Because the children are very close, and for other practical and emotional reasons, we decided that all the kids would be homeschooled together.  My four-year-old, and my sister’s four-year-old will remain in a part-time nursery school program three days a week.

We are not using a homeschool program.  I assembled a curriculum on my own.  Much of what I procured was well-researched, and some of it (for topics I consider a little less essential, like handwriting), I just purchased on recommendations.
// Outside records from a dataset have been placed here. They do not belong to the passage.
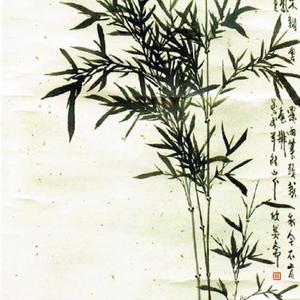 凤尾竹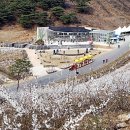 미선향테마파크 뉴스1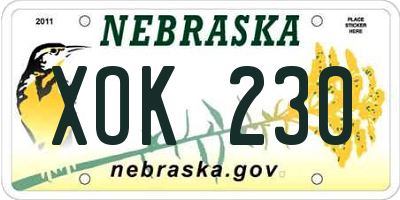 NE license plate XOK230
I am excited to homeschool, but I will miss our family at the kids’ traditional school.  My children will be missing out on some neat things, and, no doubt, friendships will fall to the wayside.  Although our intention is to return to school at some point, I know that choosing any form of education comes at a cost.  Homeschooling means a lack of school-type socialization, and traditional school means your kids are gone all day and you live on a very fixed schedule.  I am really looking forward to a year of not feeling like a “slave” to the school calendar, the homework, and the stupid projects.  I am looking forward to reconnecting with the kids, being able to take them places during times when other families are tied up in school, and sheltering them, a bit, from what can be the harshness of large groups of children.  I will not miss packing lunches.  I will not miss the rushed mornings.  I will not miss the grumpy pickups.  I will not miss bringing my kids home, only to sit on them to do their homework. What I will miss is seeing my friends at school, volunteering, hearing about the fun things my kids got to do in class, participating in school activities, and watching my children form friendships.

To be honest, at this point, I can’t wait for all the “regular” kids to return to school, so that I can take that opportunity to do things I’ve never done, because I hate crowds, and we’ve been too busy.  I look forward to being able to creep up to Christmas, rather than deal with the insanity of class plays, class parties, teachers’ gifts, etc. etc.  Since my kids have attended school, I’ve felt that they get “out” for Christmas break – and then in three seconds, it’s Christmas morning.  I am sure much of this is a pipe dream, but I am really looking forward to doing all the Christmasy stuff that I’ve never been able to squeeze in between plays, parties, and the stomach bug that invariably goes around campus in December.

School technically starts this week, but we’re taking it easy.  Thanks for reading!